My own ML came from a good friend who mostly used his for long trips up and down the east coast with very little around town and short trips. Even with the occasional short hop, he was also sure to get it on the highway for another long drive before too much time went by.
Look at where diesel has been used forever - trucks, ships, generators, etc. Any place where a steady load at constant RPM is the norm.
I think many of these MB diesels fared poorly in the hands of people who blast right out of the driveway, soccer moms doing 2-5 miles at a time, and the rest who thought a 10k oil change interval would be fine.
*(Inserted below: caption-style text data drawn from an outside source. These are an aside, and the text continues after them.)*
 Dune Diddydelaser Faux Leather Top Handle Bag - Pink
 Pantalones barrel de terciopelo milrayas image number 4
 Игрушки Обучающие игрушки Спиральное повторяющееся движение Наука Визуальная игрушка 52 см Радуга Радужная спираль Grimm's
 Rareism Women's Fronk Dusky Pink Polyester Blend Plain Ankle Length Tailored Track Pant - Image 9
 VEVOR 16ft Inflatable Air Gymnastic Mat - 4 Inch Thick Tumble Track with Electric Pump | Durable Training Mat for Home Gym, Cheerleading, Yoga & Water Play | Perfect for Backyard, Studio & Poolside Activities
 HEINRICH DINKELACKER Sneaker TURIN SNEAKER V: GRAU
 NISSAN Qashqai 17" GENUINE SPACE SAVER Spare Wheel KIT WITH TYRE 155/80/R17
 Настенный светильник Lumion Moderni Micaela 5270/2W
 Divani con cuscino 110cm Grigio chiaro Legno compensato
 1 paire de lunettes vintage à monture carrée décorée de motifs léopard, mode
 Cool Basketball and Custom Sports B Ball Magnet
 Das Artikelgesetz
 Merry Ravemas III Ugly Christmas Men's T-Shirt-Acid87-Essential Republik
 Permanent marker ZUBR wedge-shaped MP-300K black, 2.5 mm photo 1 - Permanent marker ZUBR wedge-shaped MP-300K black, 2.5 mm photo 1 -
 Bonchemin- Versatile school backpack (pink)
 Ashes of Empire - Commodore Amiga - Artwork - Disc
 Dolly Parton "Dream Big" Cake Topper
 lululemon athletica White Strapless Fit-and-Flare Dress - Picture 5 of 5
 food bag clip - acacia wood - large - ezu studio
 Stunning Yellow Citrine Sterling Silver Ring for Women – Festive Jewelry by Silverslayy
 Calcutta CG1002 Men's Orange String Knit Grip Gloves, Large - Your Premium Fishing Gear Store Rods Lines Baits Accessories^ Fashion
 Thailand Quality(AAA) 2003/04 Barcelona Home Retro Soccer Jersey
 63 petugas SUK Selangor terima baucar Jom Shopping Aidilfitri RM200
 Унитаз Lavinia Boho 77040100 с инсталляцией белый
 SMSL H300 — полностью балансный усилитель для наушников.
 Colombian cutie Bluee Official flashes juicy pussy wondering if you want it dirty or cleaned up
I love my ML350 bluetec (and the torque, as you've noted) but am careful in how I use it (just put 200 miles on it this morning). I have a gasser for short trips. Drives the wife nuts that I won't let her use it for her 8 mile commute, but so it goes.
My grandfather was a farmer but also a bit of a car guy. He owned two of the famous GM diesel 350's in his Oldsmobile 98s in the 80s. While the general consensus was that the motor (a hastily converted gas motor and not GM's finest hour) was a piece of garbage, he ran two of them up over 100k miles and never had a single issue. I think a lot of that was his long experience with diesel tractors, trucks and farm equipment. Meaning you warm them up properly before any large throttle load is applied, you don't try and rev them like a gas motor, you stay on the oil changes religiously and most importantly you use them like a diesel likes to be used - constant load and speed (ie highway miles).
My own ML came from a good friend who mostly used his for long trips up and down the east coast with very little around town and short trips. Even with the occasional short hop, he was also sure to get it on the highway for another long drive before too much time went by.
Look at where diesel has been used forever - trucks, ships, generators, etc. Any place where a steady load at constant RPM is the norm.
I think many of these MB diesels fared poorly in the hands of people who blast right out of the driveway, soccer moms doing 2-5 miles at a time, and the rest who thought a 10k oil change interval would be fine.
I can make my daily commute be spent on the highway but it is only going to extend the distance by 4 or 5 miles.
I had been driving this one for the last 5 days or so. I've been careful not to treat it like a gas car- light throttle load until beyond operating temp, letting it idle at corner store stops, etc.